I don't think you have looked at Pandas that closely. For example, Pandas has multiple ways to persist besides a flat file, including to SQLite and HDF5. - http://pandas.pydata.org/pandas-docs/stable/io.html

It's also aware of the relational data model. The 10 minute intro at http://pandas.pydata.org/pandas-docs/stable/10min.html?highl... says:

"pandas provides various facilities for easily combining together Series, DataFrame, and Panel objects with various kinds of set logic for the indexes and relational algebra functionality in the case of join / merge-type operations."

and http://pandas.pydata.org/pandas-docs/stable/comparison_with_... gives a mapping of basic SQL operations to Pandas.

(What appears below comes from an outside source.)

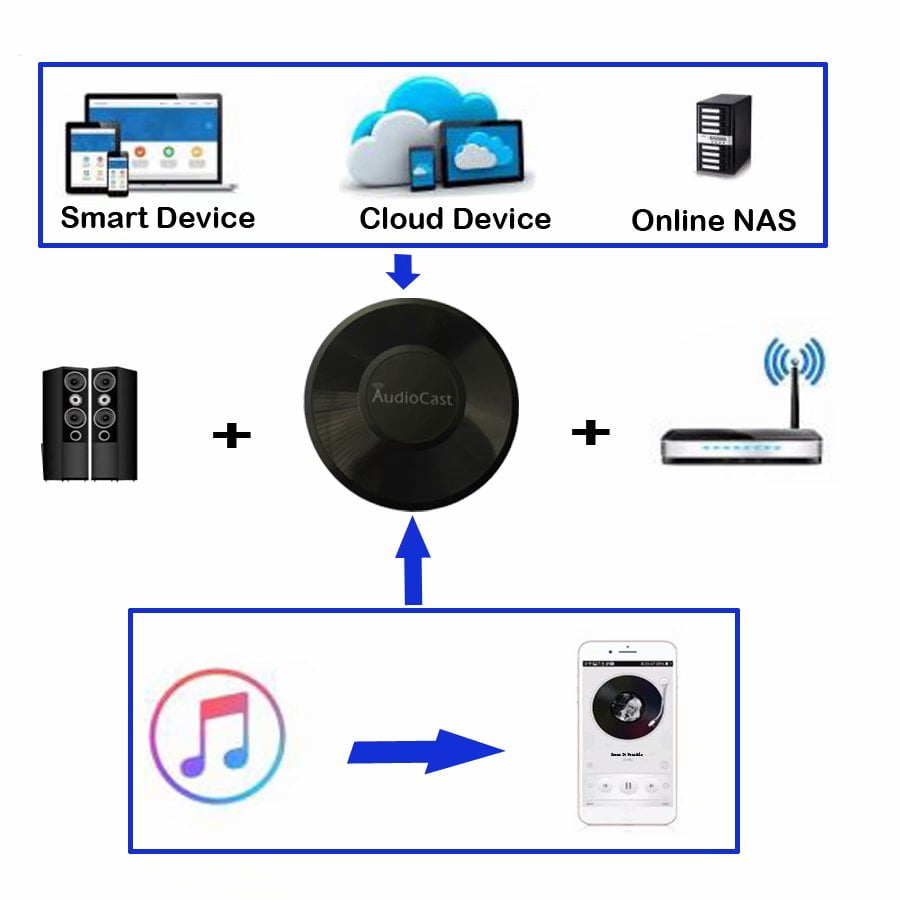 Wifi audio streaming music speaker for Spotify multiroom Airplay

There is also some caching. The documentation mentions things like "A large range of dates for various offsets are pre-computed and cached under the hood in order to make generating subsequent date ranges very fast (just have to grab a slice)" and "Bug in Series update where the parent frame is not updating its cache based on changes".

Perhaps you can think of it as an in-memory relational database without SQL or a declarative language but instead has an imperative API for Python, containing a large number of helper functions not in most RDMSes but which are important in data analysis. Think of it as a database engine where the user has control over the internal memory layout so C extension and other code (a "cartridge" or "datablade", if you will) can work with it directly.

Supposed you want to read a CSV into a data frame, compute the difference between column "X" and "Y", and show those differences as a histogram. That's one line of Pandas. How do you do that in a RDBMS?